Franz Auburger ist im Dezember 1937 geboren. Bei der Mittelbayerischen Zeitung kam er mit seiner Bewerbung zwei Wochen zu spät. Die Lehrstellen als Schriftsetzer waren weg. Im September 1952 hatte ihm das Arbeitsamt geschrieben, er solle sich bei der Fürstlichen Rentkammer am Emmeramsplatz vorstellen. Die suchten einen Lehrling für ihre Großtankstelle draußen in der Landshuterstraße. Nach einer mündlichen Prüfung, die in seiner Erinnerung darin bestand, ob er 3 und 3 zusammenzählen könne, hat ihn Amtmann Bräu eingestellt. In diesem Jahr wurde Tankwart als Lehrberuf anerkannt. „Ich war der erste Tankwart-Lehrling der Stadt Regensburg“.

Mit dem Radl Marke „Vaterland“ ist er vom Hummelhaus in der Schäffnerstraße, der Wohnung seiner Eltern, ans östliche Ende der Stadt gestrampelt – hinaus ins Grüne. Seine späteren Schwiegerleute hatten am Ostbahnhof einen Schrebergarten, gleich hinterm beschrankten Bahnübergang. Sein Tankwart-Album dokumentiert die Zeit, als die Linie 1 zwischen Prüfening und Pürkelgut verkehrte. Die rechte Spur der Landshuterstraße stadteinwärts war für sie reserviert. An der Endstation musste sie über ein Ausweichgleis rangieren.

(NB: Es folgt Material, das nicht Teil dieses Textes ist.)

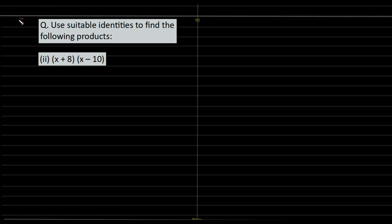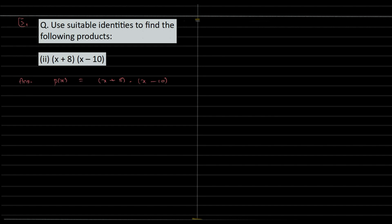Use suitable identity to find the following product. So we have P of X which is equal to X plus 8 into X minus 10. And the identity that we need here is: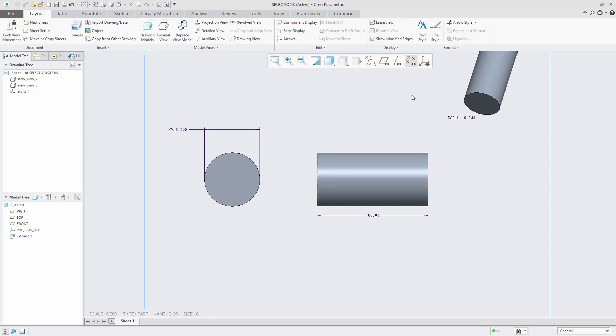It is noteworthy that you cannot convert a linear dimension such as the depth of an extrusion to a diameter dimension. Thank you.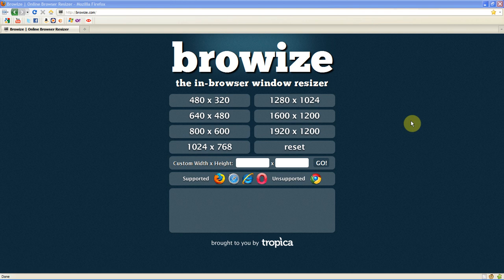Hello guys and welcome to a video by me Bullet of Bullets. In this video I'm going to be showing you a website called Browize. Now what this website does is it will basically resize your browser into a size on your computer.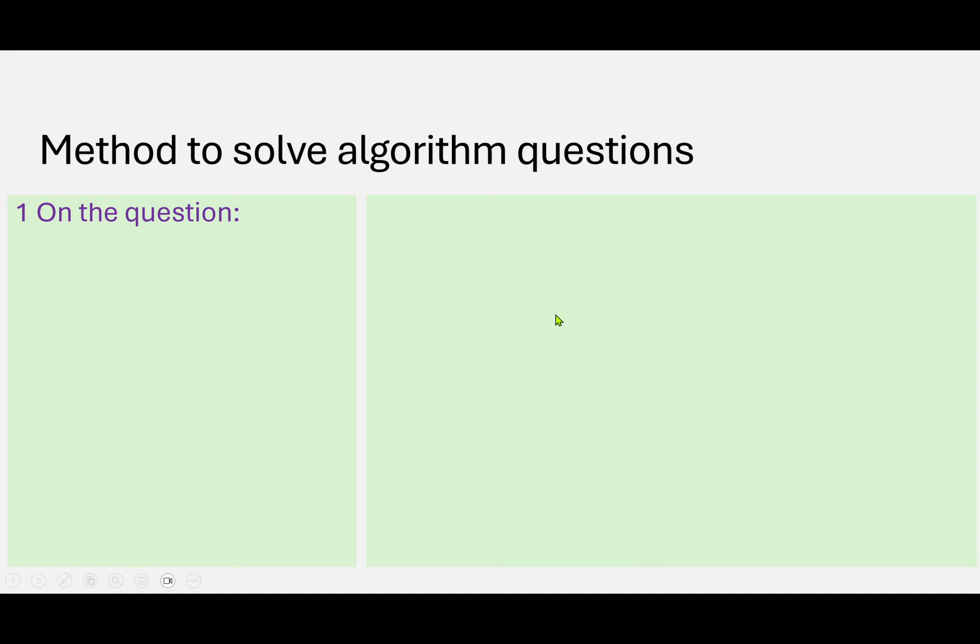Okay, second video. We're just going to have a look at a method that you can use to solve any algorithm question that you might get in a test or exam. The first part is to actually annotate or write on the question itself.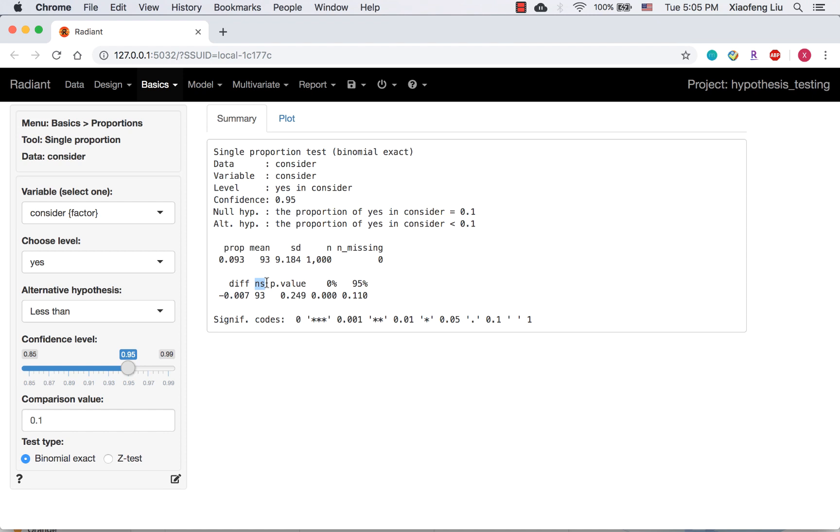We also have three approaches to evaluate the null hypothesis in a single proportion test. The first approach is p-value. Since the p-value is 0.249 greater than 0.05, we fail to reject the null hypothesis.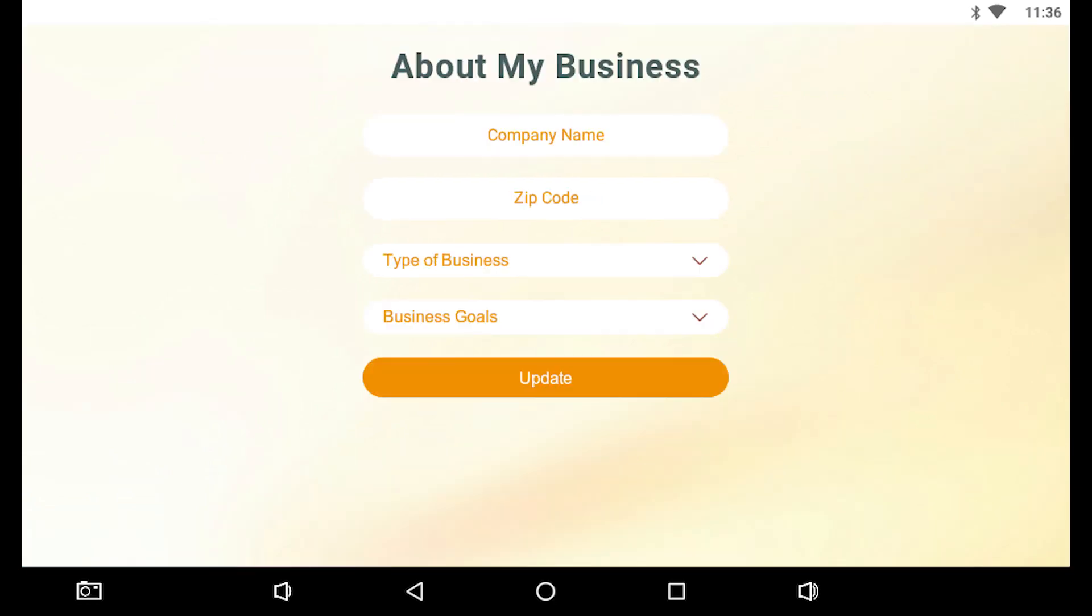If you've chosen Commercial, enter your company name, zip code, the type of business, and the primary business goal, before tapping Update to continue.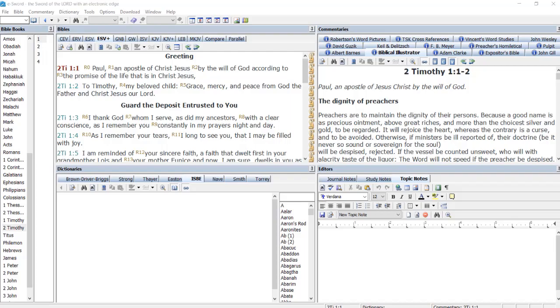Let us assume that we are studying 2nd Timothy chapter 1 and we want to investigate any historical and cultural allusions in the passage, including references to people, places, events, things, concepts, etc.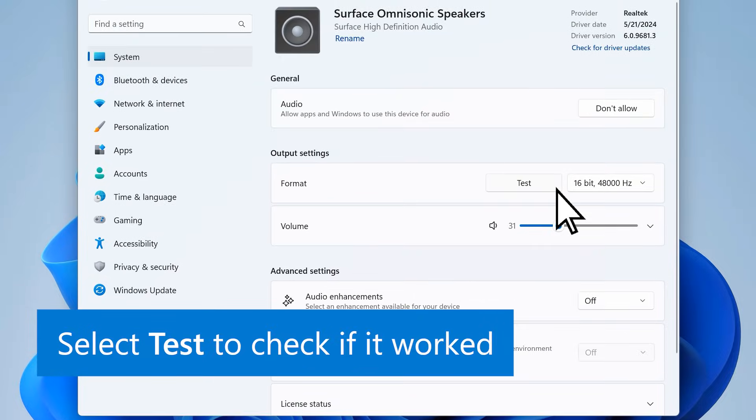Select Test to check if it worked. You should hear a chime play through the selected device.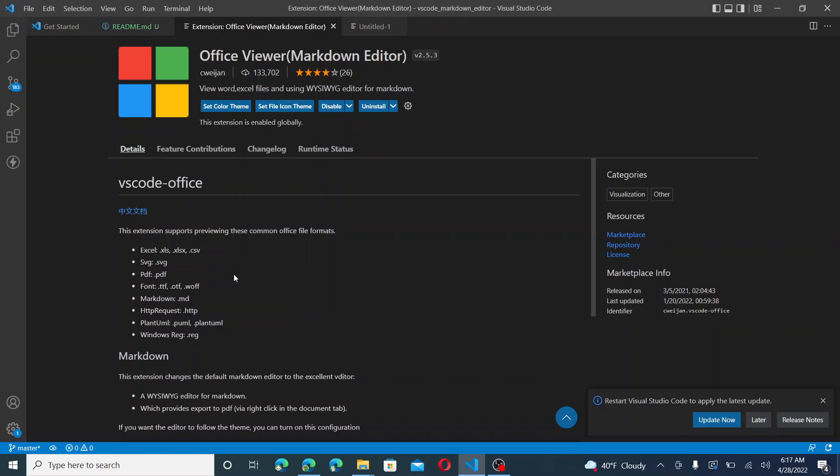There's also Office Online, but you may not have a good internet connection. Also there is Microsoft Office, but that's a subscription you have to pay for.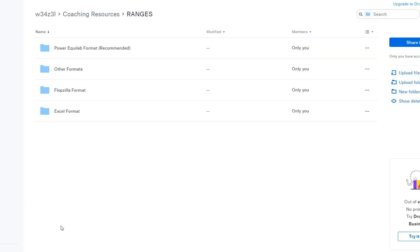What's up guys, this is Weasel for pokerweasel.com. This is a quick overview of the preflop ranges package to help you get started. This is what the main directory looks like — you can see there's a number of formats: Power Equilab format, Flopzilla format, Excel format, and some other formats.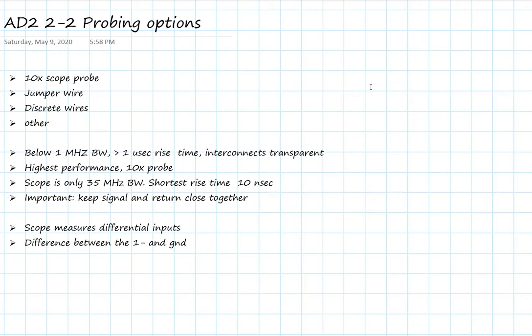And really important to keep in mind that what the scope is actually measuring is a differential input, the voltage between the plus and minus inputs to channel 1. And that minus input on channel 1 is not the same as ground. I'm going to show you a couple of examples of what we do with that minus input to get the best measurements. So let's get started.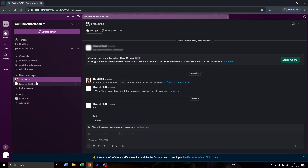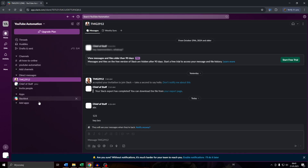Doing this is super simple. All you need to do is head over to your Slack workspace and here on the bottom left corner you will see your profile icon with your username.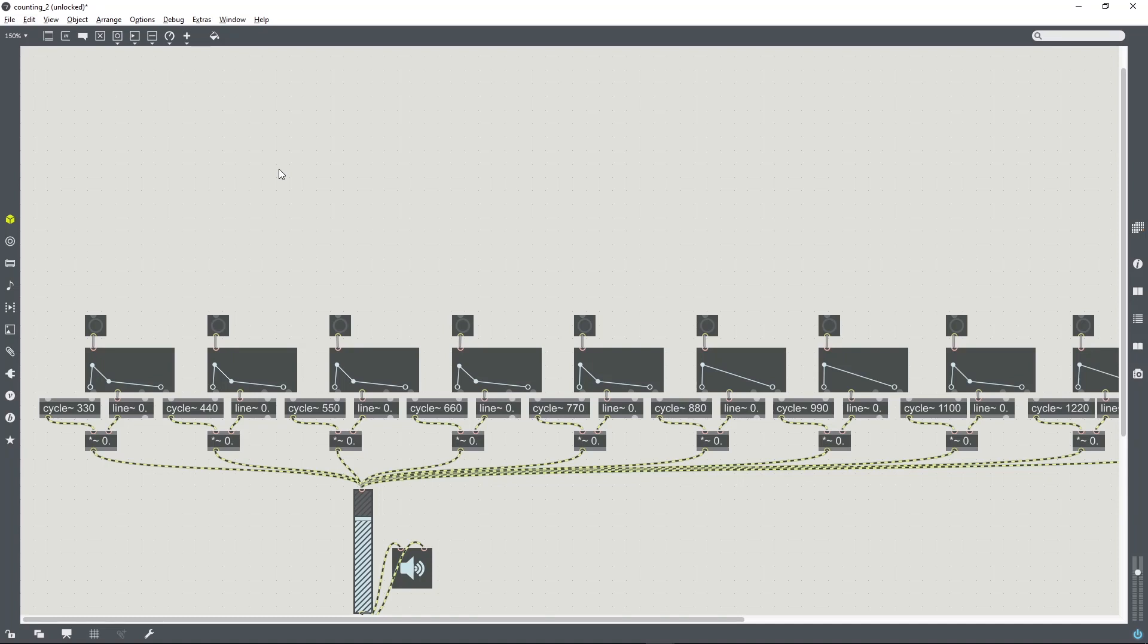I'm going to walk through how to control events in Max MSP using REAPER, which is a DAW.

Der Pürkelguter Keller war kein Schandfleck, sondern unter Fritz Bergmüller ein gefragtes Ausflugslokal der Regensburger. Es war die Zeit, als die „Nilson Brothers“ auf der Bühne standen. Auburgers verstorbene Frau ist vor seiner Zeit einmal kurz mit dem Chef Pepe Ederer gegangen, bis sie feststellen musste, dass die berühmte Zeile gelogen war: „Aber dich gibt’s nur einmal für mich.“

Amerikanisch nebenbei gelernt

Männer wie der Auburger Franz haben früher die Wirtshäuser gefüllt, heute muss man sie suchen. Er hat die Klarenanger-Schule absolviert und an der Hochschule des Lebens studiert, Studienfach Amerikanistik. An der Tankstelle in der Landshuterstraße 10, bei Fort Skelly und neben den Ami-Blocks, hat er akzentfrei amerikanisch gelernt. Auburger spricht noch heute gedehnt von „Carwash“ und „Tire-Change“. Auf dem Gelände der Großtankstelle verkaufte „Charly’s Giftshop“ Kuckucksuhren und lauter so ein Zeug. „Kindische Hundt san’s scho, die Amis.“

Seine Erinnerungsstücke liegen in einer Stadtbau-Wohnung in der Friedrich-Ebert-Straße. Für den Mann von der Tankstelle bleibt „Klein-Moskau“ sein Klein-Manhattan. Der Turm von St. Paul schaut ihm durchs Wohnzimmerfenster herein. Er revanchiert sich. Zum Pfarrer hat er gesagt. „I kann Eahna fei ins Schlafzimmerfenster reinschauen. Aber Sie liegen immer alloa drin.“ Die losen Reden hat er an der Tankstelle gelernt.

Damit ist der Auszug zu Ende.